Hey CORPORAL.........The new tires are sweet...............


Captain

shall I post up pics of my new RIG..??


----------



## jponcik (Sep 20, 2006)

*96 Dodge*

We fixed this one up 2 years ago.


----------



## Pocampo (Aug 20, 2009)

Thanks Capt'n..!!
Sorry, I didn't get a chance to show them to you before we left. But the new BFG Mud Terrains are nice. They're pricey....but nice.

Yea, I think you ought to post up photos of you driving the big H2 down Memorial Drive.....not..!!

Po


----------



## Bukmstr (Nov 12, 2004)

*Trooper*

Here is my trooper...Has never let me down.


----------



## Supergas (Nov 30, 2004)

*1975 IH Scout*

Here is a Scout that we built last year & sent to Argentina.. Ranch Truck..

Completely redone including floors, body, suspension (3" lift), engine & drive train.. Pretty nice Scout..

Painted Hot Rod Flatz Black. per customer request...

Supergas


----------



## RayAM2007 (Jun 29, 2008)

*1981 CJ8 Scrambler*

This jeep is for sale $7000

Look up Scrambler on craigslist


----------



## Buck Tag (Dec 19, 2010)

My Tundra is my everyday/hunt'n vehicle and the YJ gets to come out and play sometimes...


----------



## rbritt (Jan 20, 2005)

*Sammy*

Elevated alumiunum rack about to go on as well


----------



## DadSaid (Apr 4, 2006)

here is my 85 CJ. all original.


----------



## longhorns13 (Aug 22, 2006)

This girl has been great through out the hunting years!! It's time to let her go. What was I thinking swapping a 460 in her!!!!!


----------



## longhorns13 (Aug 22, 2006)

Pocampo said:


> I've had this ol' Jeep for 19 years. Everything is pretty much original except for the tires, the spray-on finish, and the new huntin' rack from 2008. But she still starts every time and gets me back to camp after dark. That rack on the front has carried lots of fire wood and many a hog and a big buck or two....!!


That's a fine rig!!!


----------



## garrettryan (Oct 11, 2004)

Mine... Hog and Quail seats for the front.. Rhino Lined on the inside.. Safari rack going on it this year!



​


----------



## garrettryan (Oct 11, 2004)

Try again


----------



## sundownbrown (May 10, 2009)

Here is mine


----------



## Swampus (Sep 1, 2005)

My 80' CJ 5................before and after with my kid's.--Now has a 2.6" lift on it--more camo paint accents (my oldest son) but no pic's. 1st pic is my belly and son feedin corn.


----------



## Capt.
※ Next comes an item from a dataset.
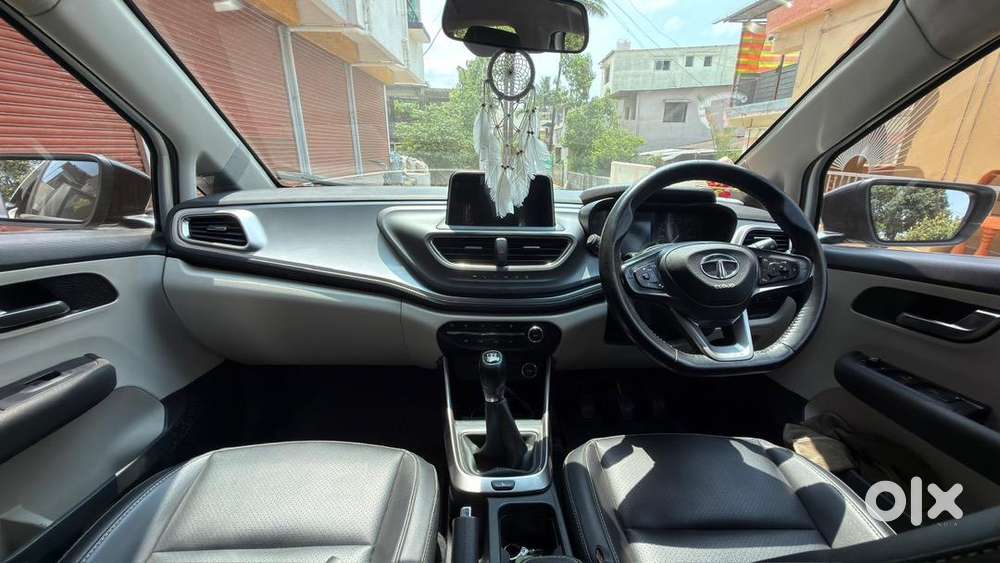 Tata Diesel Manual 2022 Year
Marcus Canales (Aug 25, 2005)

pick 1, they've all been through hell and back and still ticking.


----------



## longhorns13 (Aug 22, 2006)

osoobsessed said:


> pick 1, they've all been through hell and back and still ticking.
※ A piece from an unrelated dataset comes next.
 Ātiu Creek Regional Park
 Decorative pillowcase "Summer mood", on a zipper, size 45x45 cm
Love those Excursions!! Looks like you need to sell those old things and upgrade!!!


----------



## sundownbrown (May 10, 2009)

I love looking at everyones rigs. Gives me ideas what I can do to mine. Keep the pictures coming.


----------



## dmwz71 (Feb 5, 2010)

This will be the third season for Red, my deer lease Suburban....Nothing fancy, but it gets me to the stand and keeps me dry and warm. It has been a very dependable truck, and my grandsons love it, because they get to drive it all over the lease.....


----------



## Jay Strass (Jan 26, 2011)

My '84 does the job for me.


----------



## Fishtexx (Jun 29, 2004)

My son and daughter both learned how to drive in this Samurai. We have lots of fun at the lease with it!


----------



## Slimshady (Jan 11, 2005)

'71 FJ with not so stock running gear.


----------



## Folsetth (Jan 18, 2007)

Jay Strass said:


> My '84 does the job for me.


I've got one as well. What motor does yours have? Mine has the V6, wish it had a little more power, but maybe it's just worn out. It gets the job done though.
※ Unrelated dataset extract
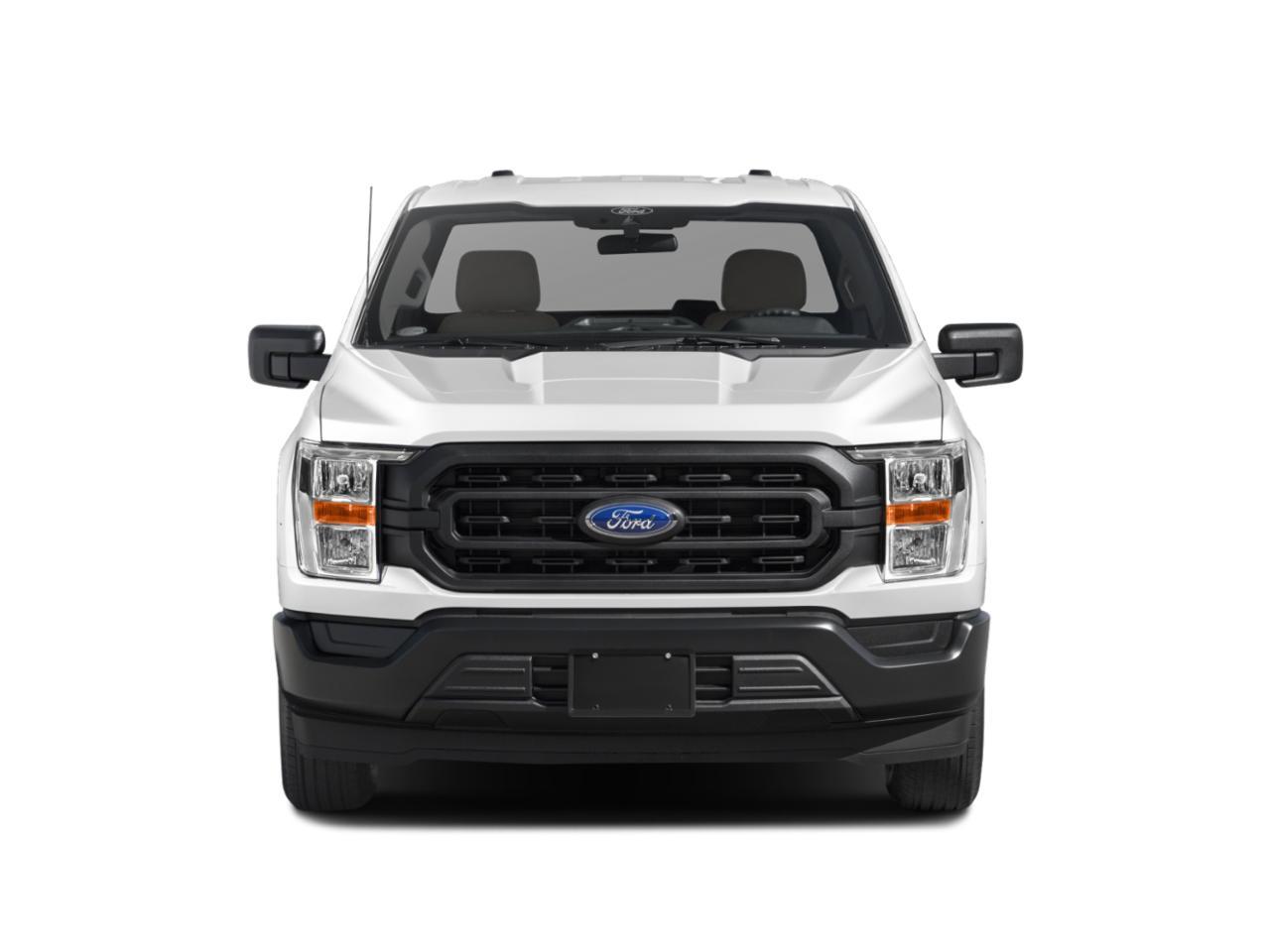 2021 Ford F-150 Vehicle Photo in SELMA, TX 78154-1460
Sent from my iPad using Tapatalk


----------



## Jay Strass (Jan 26, 2011)

Mine is the small 6, also. It does lack some power but it gets me around in some nasty wet stuff, it definitely helps with it behind so light. I can go through some stuff that the big diesel 4x4's on my lease sink in FAST.


----------



## Wiredhernandez (Mar 6, 2005)

Slimshady said:


> '71 FJ with not so stock running gear.


Beuatiful TOYota there..


----------



## sundownbrown (May 10, 2009)

Yeah that thing is sweet


----------



## TXDRAKE (Jun 24, 2004)

Heres my little buggy:


----------



## Take'emGator (Apr 10, 2012)

now that is a fine mofo right there, gotta love those samurai's


----------



## down to fish (Jul 1, 2010)

*1990 suburban gmc*

This is my beast and still working on it


----------



## Law Dog (Jul 27, 2010)

Txdrake, you have one good looking rig, Congrats!!


----------



## sundownbrown (May 10, 2009)

I love all hunting vehicles


----------



## TXDRAKE (Jun 24, 2004)

Thanks, Fellas!


----------